What you need to do
What are the lines below, starting at the line containing "Отель La Curtea Domneasca Пьятра-Нямц-12" and ending at the line containing "Clutch con Asa Dorada"? Write them out exactly, ends included, without pictures.

Records supplied
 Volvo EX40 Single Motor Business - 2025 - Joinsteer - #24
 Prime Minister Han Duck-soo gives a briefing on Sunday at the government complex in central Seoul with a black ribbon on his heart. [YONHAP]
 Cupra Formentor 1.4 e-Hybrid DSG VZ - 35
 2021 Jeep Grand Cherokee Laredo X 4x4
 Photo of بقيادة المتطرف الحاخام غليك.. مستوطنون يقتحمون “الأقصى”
--
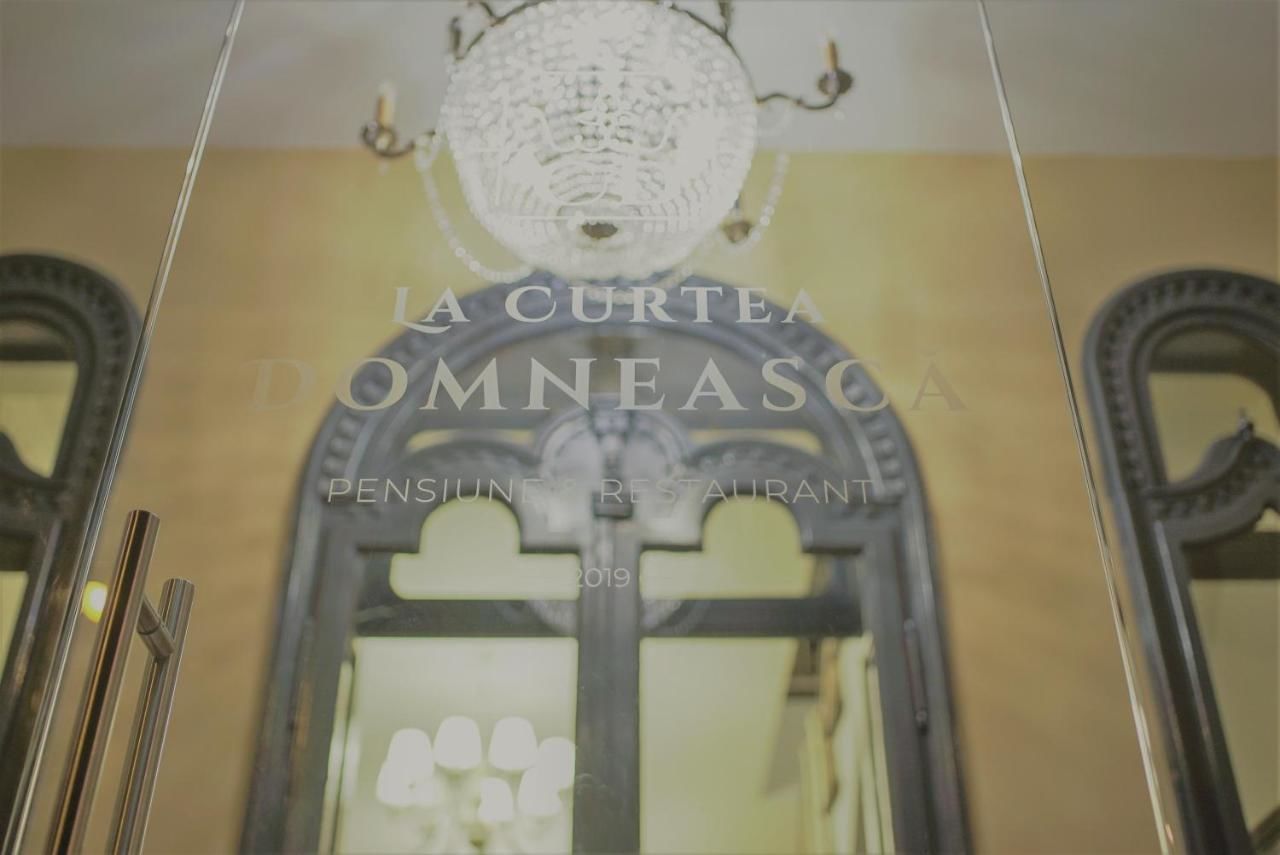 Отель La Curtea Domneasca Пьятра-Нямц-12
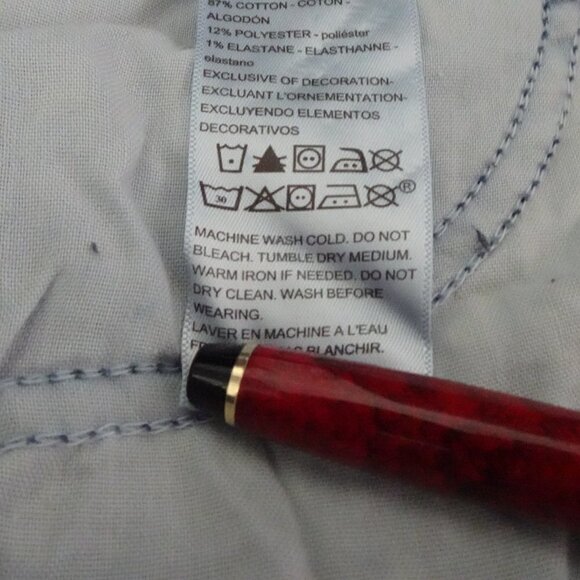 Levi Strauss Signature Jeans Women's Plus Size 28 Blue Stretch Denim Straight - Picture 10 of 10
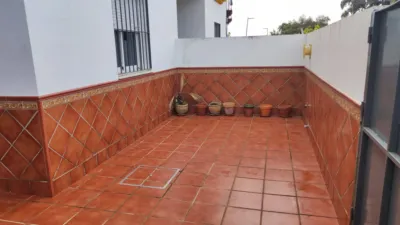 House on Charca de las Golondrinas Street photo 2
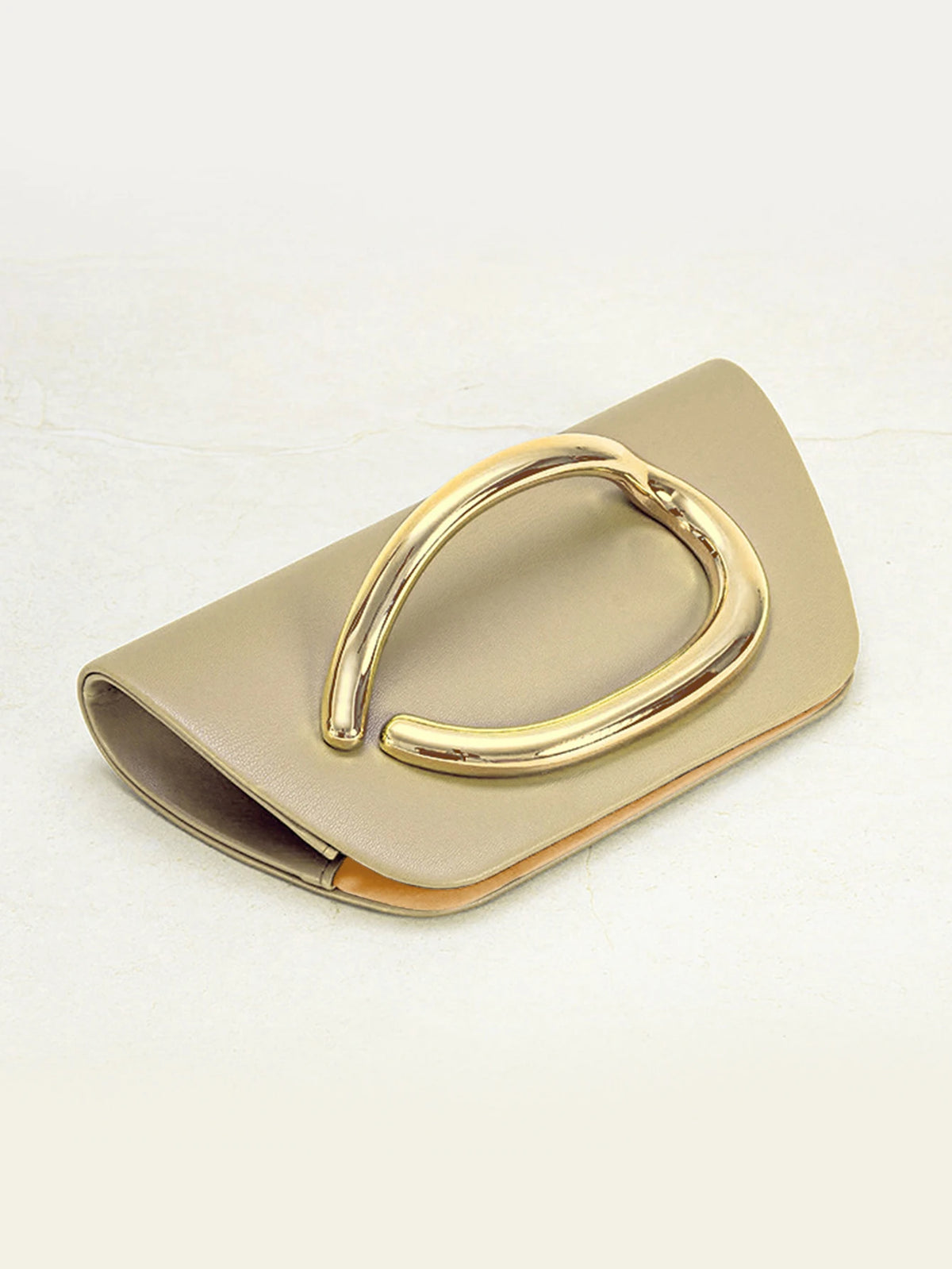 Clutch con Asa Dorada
...
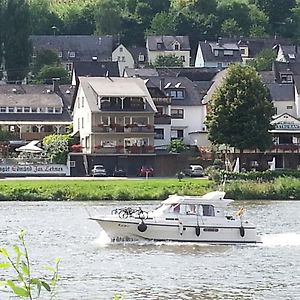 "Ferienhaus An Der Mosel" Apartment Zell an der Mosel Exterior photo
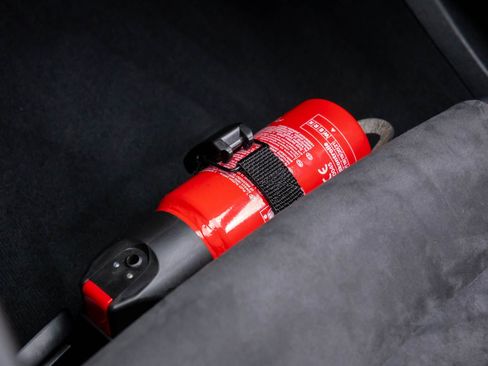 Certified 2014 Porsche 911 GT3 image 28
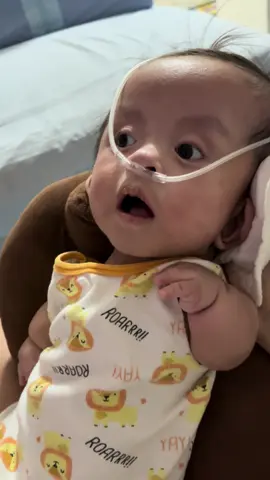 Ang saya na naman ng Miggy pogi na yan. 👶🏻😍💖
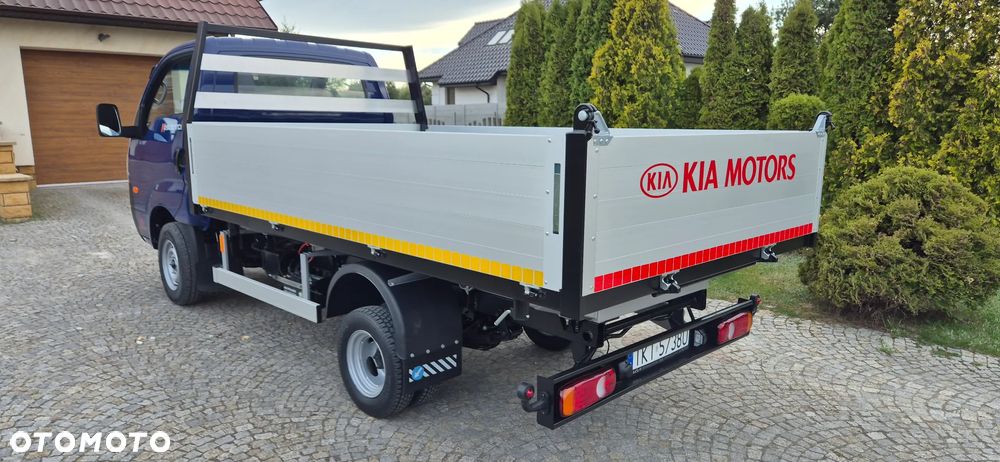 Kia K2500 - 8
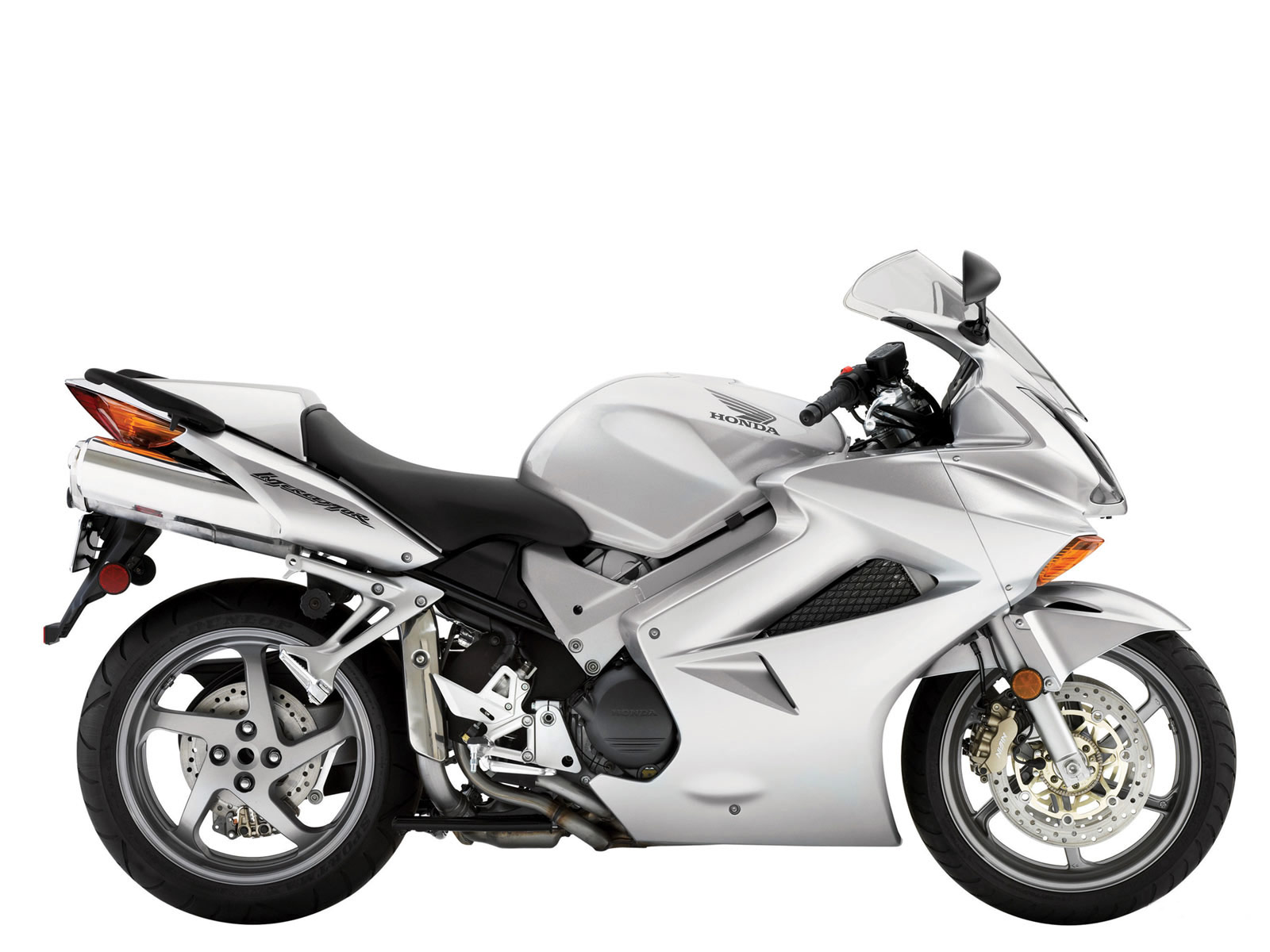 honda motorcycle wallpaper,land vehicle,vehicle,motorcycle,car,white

Your response
 Отель La Curtea Domneasca Пьятра-Нямц-12
 Levi Strauss Signature Jeans Women's Plus Size 28 Blue Stretch Denim Straight - Picture 10 of 10
 House on Charca de las Golondrinas Street photo 2
 Clutch con Asa Dorada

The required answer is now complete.